You can make big and small stuff on a big lathe, but you can only make small stuff on a small lathe..
Rigidity is critical with metal lathes. A heavier machine will produce a better finish than a small flexible machine.
It’s hard to imagine but all machines, no matter how big, actually bend and flex as they work. The bigger and heavier the more stable. That’s why the majority or good machines are made from cast iron instead of aluminium.....

I just want to remind anyone that isn’t sure, that many of my attachments are used only when the lathe is off....

Sorry, forgot about indexing. I have never seen a metal lathe that has a standard indexing feature. Not a good idea to have an index pin in place and then to try and start the machine..!!!!  But making your own indexer is simple. See my little block with the black knob...
Some people also index off the gears on the spindle. There are many solutions.


----------



## magpens (Jan 17, 2021)

John, you asked : "Why is a 4 jaw chuck better than a 3 jaw??"

That's a good question, and since it may have come from my suggestion, I SHOULD be able to answer it.

But, thinking about it, it may just be personal preference without a rock-solid reason.
Main point for me is to get a larger chuck throat size, so as to accept cylindrical stock at least 0.75" diam, and preferably 0.85" diam.
A 4" 3-jaw might give you that. . I went through this quite a few years ago and settled on the 4-jaw .... possibly because some prejudice I have.
I sometimes like to be able to do rough angular indexing, and the 4-jaw is convenient with jaws at 90-degrees. . I'll think some more.

John, you also asked : " Do all these lathes have indexing built in or is this an extra?? " . Are you referring to angular indexing ?
If you are, then, most lathes (and headstock chucks) do not provide that, in my experience. . You have to buy/make accessories to do it, I think.
Would be nice to have this feature for some jobs.

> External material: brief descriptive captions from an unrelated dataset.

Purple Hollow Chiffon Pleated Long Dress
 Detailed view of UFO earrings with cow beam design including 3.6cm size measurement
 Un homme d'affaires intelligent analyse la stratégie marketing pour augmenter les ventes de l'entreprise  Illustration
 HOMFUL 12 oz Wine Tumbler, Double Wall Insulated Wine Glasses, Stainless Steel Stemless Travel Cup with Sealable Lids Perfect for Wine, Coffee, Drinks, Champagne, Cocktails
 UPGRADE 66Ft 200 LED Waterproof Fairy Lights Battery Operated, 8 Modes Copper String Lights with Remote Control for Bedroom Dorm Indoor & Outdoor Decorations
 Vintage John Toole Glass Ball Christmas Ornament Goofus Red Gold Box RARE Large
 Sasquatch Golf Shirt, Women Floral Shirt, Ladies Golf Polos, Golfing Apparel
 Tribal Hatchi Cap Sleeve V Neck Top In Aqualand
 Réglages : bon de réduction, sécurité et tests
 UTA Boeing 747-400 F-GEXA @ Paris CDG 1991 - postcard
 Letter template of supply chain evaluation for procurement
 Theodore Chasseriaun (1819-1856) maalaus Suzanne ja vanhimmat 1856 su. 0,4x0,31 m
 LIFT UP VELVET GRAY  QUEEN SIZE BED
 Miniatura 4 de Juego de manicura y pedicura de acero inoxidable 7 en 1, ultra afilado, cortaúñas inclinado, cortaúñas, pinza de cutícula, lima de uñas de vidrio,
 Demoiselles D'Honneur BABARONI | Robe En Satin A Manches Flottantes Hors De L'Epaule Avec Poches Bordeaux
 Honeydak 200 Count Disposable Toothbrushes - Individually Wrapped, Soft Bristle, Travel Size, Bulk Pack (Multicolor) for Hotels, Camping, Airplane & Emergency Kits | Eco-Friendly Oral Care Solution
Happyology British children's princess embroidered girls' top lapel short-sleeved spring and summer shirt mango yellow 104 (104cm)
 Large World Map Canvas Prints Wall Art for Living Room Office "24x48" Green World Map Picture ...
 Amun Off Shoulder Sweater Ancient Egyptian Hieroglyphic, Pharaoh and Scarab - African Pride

You also asked about reverse .... " Do all these metal lathes have reverse " .... my little 7 x 16 Sieg has it in the power switch ... it's a mixed blessing because if you hastily throw the switch it can sometimes go into reverse when you least want that. . I have only rarely ever found a need for reverse turning.

As for ... " does speed play a huge role in this ? " .... I don't find turning speed to be critical to the point where I need to know it accurately.
It is VERY nice to have electronic variable speed control. . I often use very low speed for applying CA, and in some sanding operations where I am sanding lengthwise at very low speed. . But I haven't had a need to know the actual speed .... . By "very low speed" I mean approx. 5-10 RPM ... or so !

I would hate to have to adjust the speed with belts or gears.

I would agree with Skip that a quick-change tool post is not a necessity. . For the small Sieg lathes you can buy tool holders that attach to the standard tool post and give you almost quick-change capability .... for example, to mount a cut-off blade. . That capability has been adequate for me.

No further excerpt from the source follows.